On $(p,N)$-Laplace multivalued equations with critical exponential nonlinearity in $\mathbb{R}^N$
Ankit, Abhishek Sarkar
TL;DR
The paper addresses the existence of nonnegative solutions to multivalued $(p,N)$-Laplace equations with discontinuous nonlinearities exhibiting exponential critical growth in $\mathbb{R}^N$. It develops a non-smooth variational framework in the weighted space $\mathbf{X}=W_V^{1,p}(\mathbb{R}^N)\cap W_V^{1,N}(\mathbb{R}^N)$, leveraging Orlicz spaces and Trudinger–Moser type inequalities to handle the exponential nonlinearity. By combining Ekeland’s variational principle and a non-smooth Mountain Pass theorem, the authors prove the existence of two nonnegative solutions for small $\varepsilon$, with one solution having negative energy and the other positive energy, and in a coupled setting, two nonnegative solutions exist.

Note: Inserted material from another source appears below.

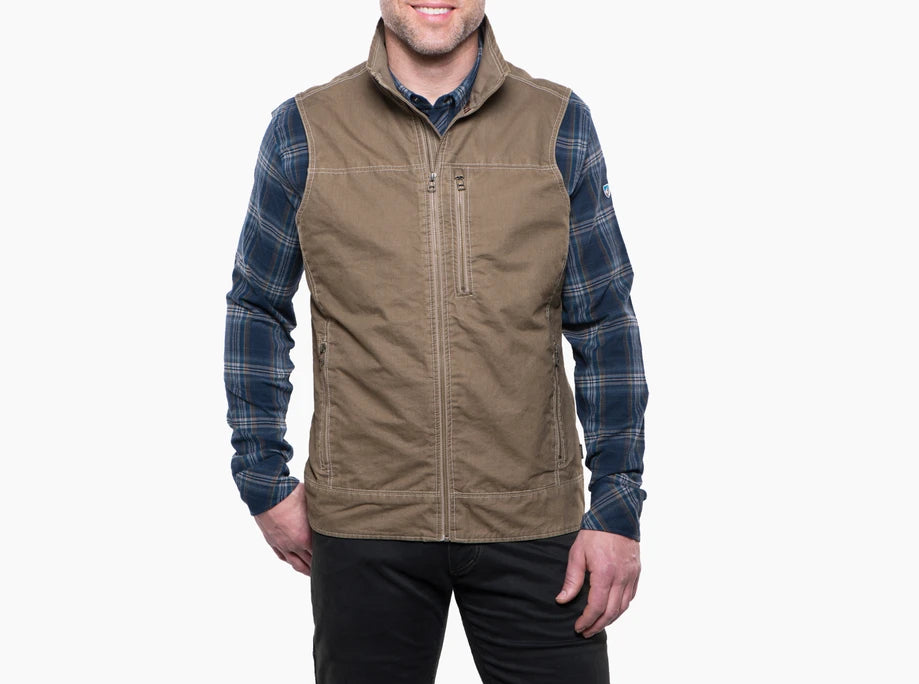 Burr Vest- Khaki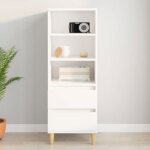 Meuble buffet salon 40x36x110 cm buffet cuisine rangement salle a manger buffet buffet bas blanc Meuble buffet salon 40x36x110 cm buffet cuisine rangement salle a manger buffet buffet bas blanc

The results extend multiplicity theory to non-differentiable, non-Hilbert settings with exponential critical growth, providing a framework applicable to free-boundary and reaction-diffusion-type models in unbounded domains.
Abstract
In this paper, we study the existence of nonnegative solutions for a class of multivalued $(p,N)$-Laplace problems having discontinuous nonlinearity with critical exponential growth in $\mathbb{R}^N$. To demonstrate the existence results, we utilized variational methods for non-differentiable functions.